Description of the task: Of all the entries below, retype only the lines from the one with "Abstract 3D undulating" through the one with "Dolce &amp; Gabbana", exactly as they appear.

Provided entries:
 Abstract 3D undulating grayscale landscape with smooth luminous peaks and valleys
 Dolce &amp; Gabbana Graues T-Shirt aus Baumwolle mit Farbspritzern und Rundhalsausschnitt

==

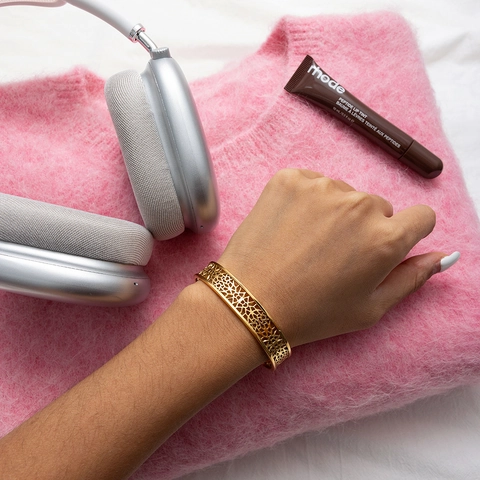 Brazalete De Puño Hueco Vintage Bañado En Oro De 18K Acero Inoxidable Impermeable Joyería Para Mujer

The completed task:
 Abstract 3D undulating grayscale landscape with smooth luminous peaks and valleys
 Dolce &amp; Gabbana Graues T-Shirt aus Baumwolle mit Farbspritzern und Rundhalsausschnitt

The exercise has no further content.